In vorige artikels (lentenummer 2020 en winternummer 2020) wees ik al op onze drie grote drives of meta-motieven, die elk op hun manier bijdragen om de natuur en onze sociale omgeving onder controle te hebben, of op zijn minst een gevoel van controle te krijgen. Ik herhaal ze hier bondig, omdat ze alle drie relevant zijn in het boek van Zwaan. Elk van deze drie heeft namelijk een aandeel in de oorzaken waarom mensen in onzin geloven en die ook verspreiden.
We zijn een soort die in groep leeft. Voor onze nomadische voorouders was overleven sterk afhankelijk van de bescherming tegen roofdieren of vijandige groepen, de samenwerking en de taakverdeling binnen de eigen groep. Deze eigen groep zal ik vanaf nu de ingroup noemen. Behoren tot een groep heeft ook psychologische effecten. Zo hebben gevoelens van verbondenheid, geborgenheid en het ervaren van sociale steun een weldoend effect.
Afwijken van de gebruiken, normen, waarden en zelfs gedachtegoed was echter ronduit gevaarlijk. Wanneer je uit de groep gegooid werd, ging je in vele gevallen een gewisse dood tegemoet. Niet te verwonderen dat genetische mutaties die leidden tot schrik om uit de groep gegooid te worden, zich verspreidden in de populatie, en nog steeds deel uitmaken van onze genetische erfenis.
Maar deze drijfveer om erbij te horen impliceert ook een coalitional instinct, zoals John Tooby in 2017 stelde op edge.org. In het lentenummer van Wonder en is gheen wonder van 2020 ging ik hier uitgebreid op in. De term betekent kort gesteld dat we ons automatisch rekenen tot enkele coalities (ook wel ‘ingroup’ genoemd) en vijandig staan tegenover leden van een andere coalitie (outgroup).
Bij sociale soorten is binnen een groep vaak strijd om de hiërarchische positie. Deze strijd kan heel fysiek zijn, zoals bijvoorbeeld bij mannelijke herten, of heel subtiel geregeld via hormonen en feromonen zoals bij bijen, of de verworven positie kan bekomen of in stand gehouden worden door het vormen van coalities zoals bij chimpansees. Voor een groep levert het voordelen van rolverdeling en tijdelijke stabiliteit op, waardoor minder conflicten voorkomen.

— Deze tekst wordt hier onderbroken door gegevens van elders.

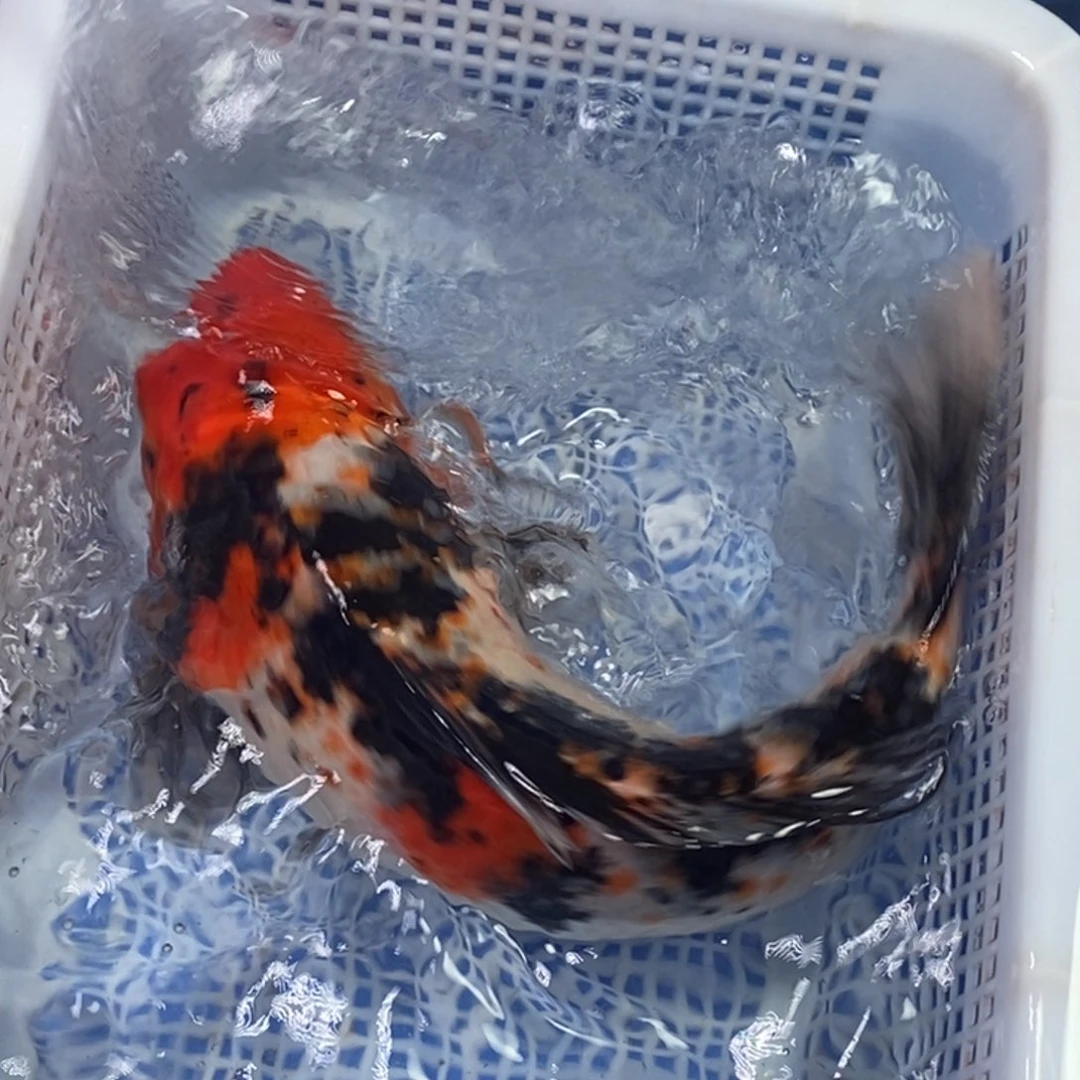 锦鲤冷水锦鲤包邮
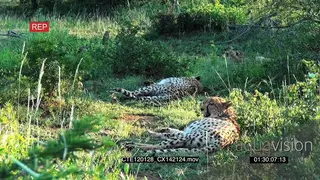 Cheetahs brothers resting in bushveld looking around LS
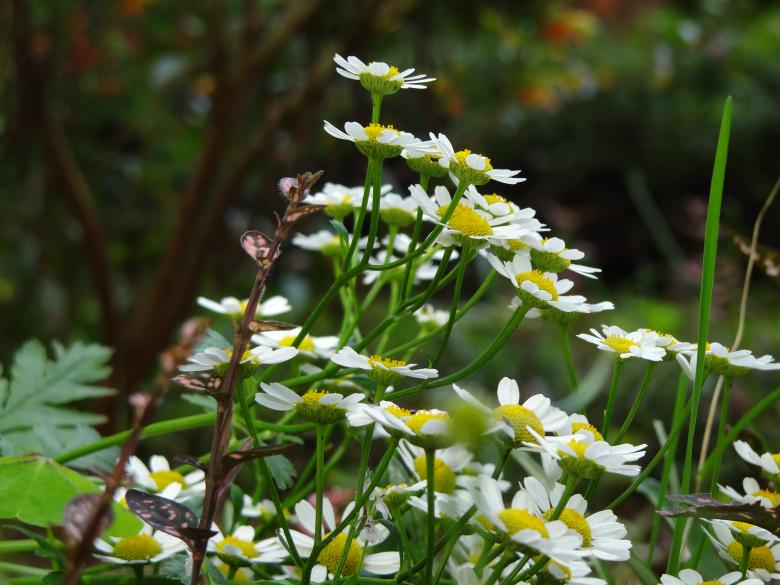 Free stock image of Close up of Daisies created by Mikel Tana
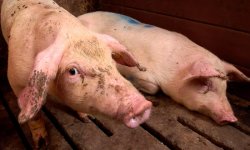 Обзор болезней свиней и маленьких поросят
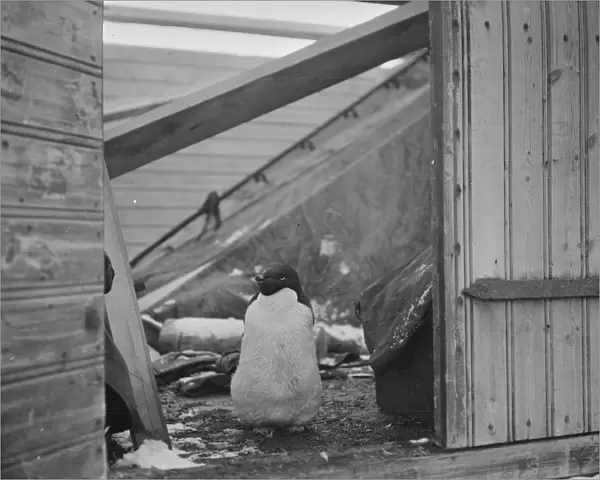 Adelie penguin, at doorway of a hut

Bij de mens speelt zich dezelfde strijd af om de (dominantie)hiërarchie en status, met evidente voordelen zoals een groter deel van de (economische) koek in contexten met schaarste, zelfzorg en zorg voor het nageslacht, maar ook toegang tot interessante seksuele partners.
Bovendien zien we deze competitie niet alleen binnen de eigen groep, maar ook met andere soorten (bijvoorbeeld de strijd tussen hyena’s en Afrikaanse wilde honden), en met andere groepen van dezelfde soort. Ook dit is bij de mens niet anders.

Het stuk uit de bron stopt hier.